** Opening RECORDS FOR THE TASK block **

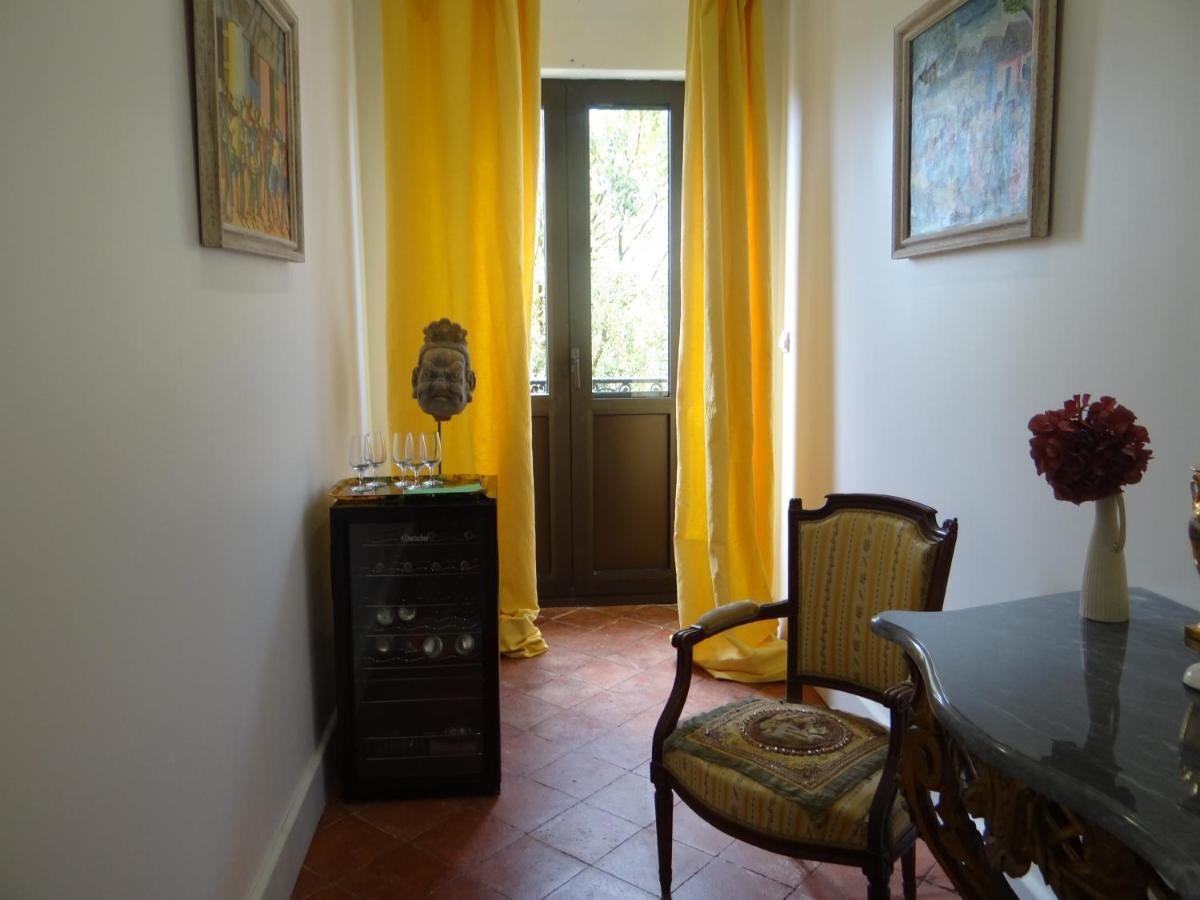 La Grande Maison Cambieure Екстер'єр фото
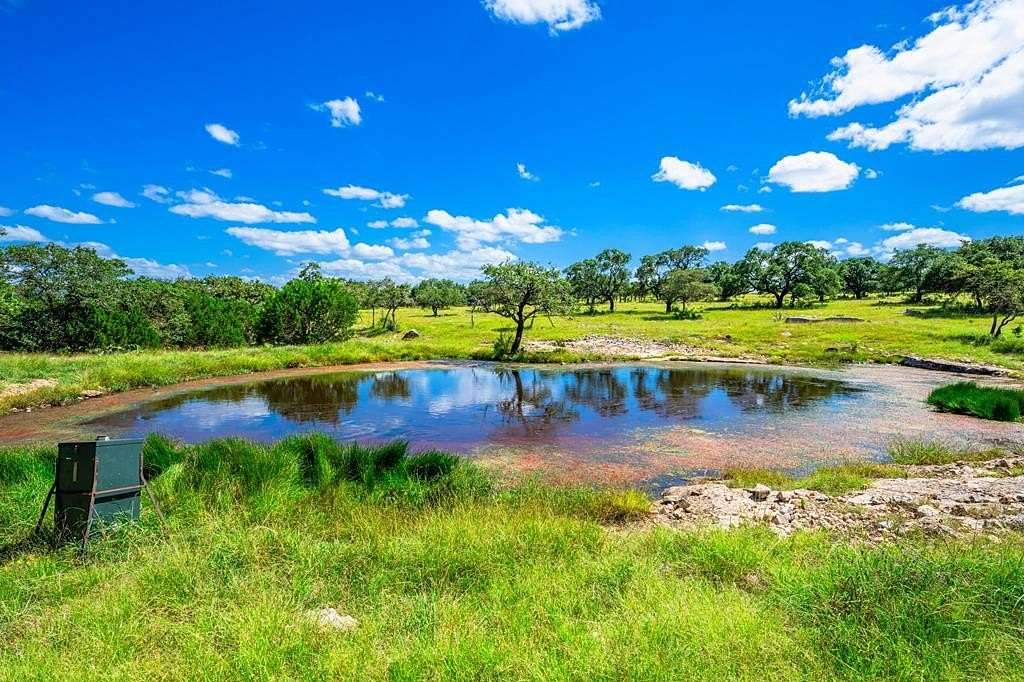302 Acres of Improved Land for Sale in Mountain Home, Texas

** Closing RECORDS FOR THE TASK block **
** Opening RECORDS FOR THE TASK block **

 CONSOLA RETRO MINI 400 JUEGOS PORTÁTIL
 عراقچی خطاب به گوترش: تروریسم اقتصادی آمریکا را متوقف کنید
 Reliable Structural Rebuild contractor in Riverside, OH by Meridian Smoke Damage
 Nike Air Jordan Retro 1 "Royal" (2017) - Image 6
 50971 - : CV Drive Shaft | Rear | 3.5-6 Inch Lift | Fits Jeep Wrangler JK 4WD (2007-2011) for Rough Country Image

** Closing RECORDS FOR THE TASK block **

**THE TASK:** Working from the records above, set down word for word everything from the line containing "La Grande Maison Cambieure Екстер'єр фото" down to the line containing "302 Acres of", ends included, minus the pictures.

**RESULT OF THE EXERCISE:**
 La Grande Maison Cambieure Екстер'єр фото
302 Acres of Improved Land for Sale in Mountain Home, Texas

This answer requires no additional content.